Ortada bir yanlış anlama yok!
Deprem olduktan sonra TRT’nin yayın akışının değişmemesi, depremle ilgili ilk yayının 3 saat sonra yapılması, askerin yetersiz ve geç müdahalesi, madencilerin sonradan gönderilmesi ve yolların kapalı olması gibi yüzlerce insanın donarak ölmesine sebep olan konular Ahmet Hakan’a göre “hava cıva”.
Hakan, deprem sonrası iktidarın ürettiği propagandayı papağan gibi tekrarlayan AKP’li bir prototip aslında. İlerleyen günlerde “sahada eksiklerin olduğu ancak bunların çok önemli olmadığı, hükümetin ilk andan itibaren gerekenleri yaptığı” propagandasını sık sık dinleyeceğiz.
Cumhurbaşkanı yardımcısı Fuat Oktay bugün yaptığı konuşmada “şehir hastanelerinin ne kadar doğru bir karar olduğunun görüldüğünü, şehir hastaneleri olmasa bugün başka şeyler konuşmak durumunda kalacaklarını” anlatıyor.

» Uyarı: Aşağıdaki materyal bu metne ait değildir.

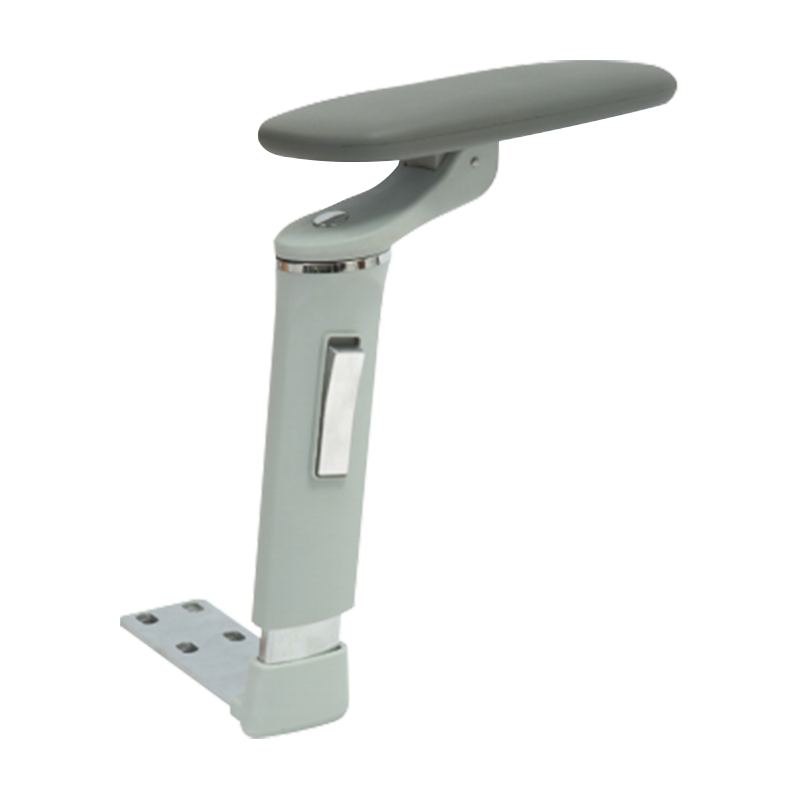 309A Reposabrazos 5D Grises, Adecuados para Sillas de Oficina de Plástico, Sillas Ajustables, Rotación Multifuncional y Elevación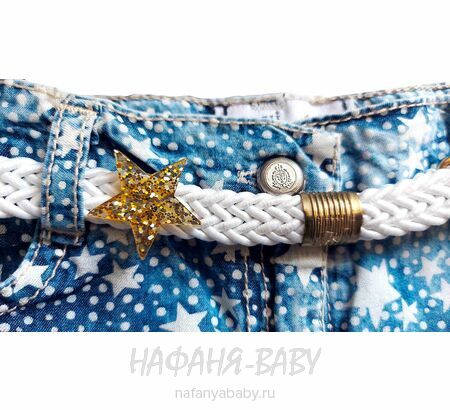 Купить детскую джинсовую юбку SANI (Турция) для девочки, арт: 9135, 2-5 лет, цвет синий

Böylesi bir felaketin enkazından bile bir “başarı öyküsü” yaratmak…
Oysa normal ülkelerde normal iktidarlar böylesi felaketlerden sonra yaptıklarıyla övünmezler, yapmadıklarının hesabını verirler.
Oktay önce yıkılan İskenderun Devlet Hastanesi’nin eski bloğunun hesabını vermeli. Depremde yıkılan bu blok için 2012’de deprem raporu hazırlanıyor ve binanın “depreme dayanıksız” olduğu tespit ediliyor. Rapora hastanenin internet sitesinden ulaşabilirsiniz:
Cumhurbaşkanı yardımcısı çürük raporuna rağmen hizmet veren ve yıkılan hastaneyi konuşmak yerine, yeni binaların ayakta kaldığını anlatmayı tercih ediyor.
Çünkü Ahmet Hakan’ın ifadesine göre bunlar “hava cıva”.
Bundan sonra daha çok ölen insanların sayısını değil, enkaz altından kurtarılan insanların sayısını okuyacağız.
Yıkılan yapıları değil, ayakta kalan TOKİ evlerini konuşacağız.
Zamanında müdahaleyle kurtarılacak insanları değil, enkaz altından canlı çıkanları duyacağız.
Çöken iktidarı değil, “dünyanın en büyük felaketinde bile ayakta kalan devletin başarı öyküsünü” dinleyeceğiz.
Ölülerimize ağlamamız yerine, depremin “Allah’ın dayanışma rüzgarını arttıran yeni bir lütfu” olduğunu söyleyip sevinmemizi bile isteyebilirler.